Today, I am going to tell you about Kartic C. Khilar, or KCK as he was called at IIT Bombay. KCK was a central figure, and participant, as I navigated a period of multiple transitions.
Interestingly, I first "met" KCK even before I met him. The year I took the Joint Entrance Exam (JEE) to apply for admission to IIT, he was the principal administrator. The only reason I remember is because he had a "killer" last name (so juvenile, I know!).
Like 200,000 other rats, I studied relentlessly for two years. JEE is like academic Olympics. We trained like mental athletes: cardio, weights, pilates, the whole nine yards. Then, the starting gun went off, and we scampered. The first two thousand got in.
Miraculously, I tumbled my way into IIT Bombay first, and then to the chemical engineering department. KCK was the head of the department, when my "batch" arrived.
He taught us fluid mechanics and solid-fluid operations. He was a fantastic teacher - one of the best I've had. His lectures were crisp. He was always cheerful. And he cared about all his students - not just toppers.
He had one striking attribute: no ego. No made up sense of self-importance, which is all the more remarkable given the power gap between teachers and students (especially in India). If you went to his office, he would listen, despite how busy he was, or how unimportant you were.
A highlight of the undergrad program at IIT is the B. Tech project (BTP), which is the undergrad equivalent of a PhD dissertation. Again, due to a random set of circumstances, he ended up being my BTP mentor. Over the course of the last year and half at IIT our interaction deepened, if only because we met one-on-one on a weekly basis to discuss research.
Research in the Fluid Mechanics lab was fun. I don't think I would have embarked on a research career, if I hadn't enjoyed this experience so much. This work on "colloid-facilitated contaminant transport" with KCK and his grad student at that time - Tushar Sen - would end up becoming my first peer-reviewed
publication.
I ended up at the University of Michigan as a grad student, in no small part due to his kind word. Michigan was his alma mater too. He visited Ann Arbor twice, while I was there. Once, when I was a PhD student, and later just before I started my new academic job at Florida State. Each time I went to Bombay, I would meet him; usually over lunch or dinner.
Throughout this period, he selflessly offered his mind for me to pick, and his ocean of experience for me to draw from. At several points during this journey, I abandoned hopes of an academic career. Each time, he listened without judgment, and quietly held a mirror to my desire for autonomy and passion for teaching. For better or for worse, he was instrumental in me ending up on the trajectory I am currently on.
And I couldn't be more grateful! Sometimes you try to peek over the horizon, but you can't see what a taller person who has been to more places can (in my case, that is literally true too).
In 2009, I shut the door to my office and wept, when I learnt about his
untimely passing. He was 57, in great mental and physical shape, and I always expected him to be around forever.

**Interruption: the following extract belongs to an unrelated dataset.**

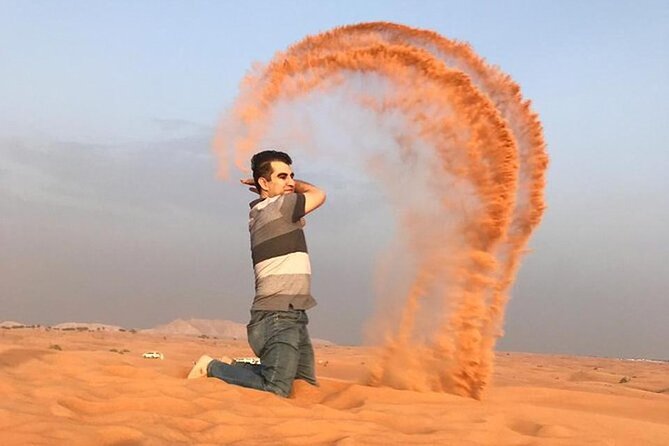 Desert Safari During Sunset in Dubai With Camel Riding - Last Words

When I first encountered KCK in 1994, I knew him as an administrator. Later at IIT he became my chairman and teacher, before becoming my BTP supervisor.
Somewhere along the way, he became a mentor, and a close friend; emails that started with "Dear Prof. Khilar" eventually started with "Dear Kartic".
Today, even though I knew it would bounce, I nearly wrote (to his familiar email address), "Dear Kartic, you are sorely missed."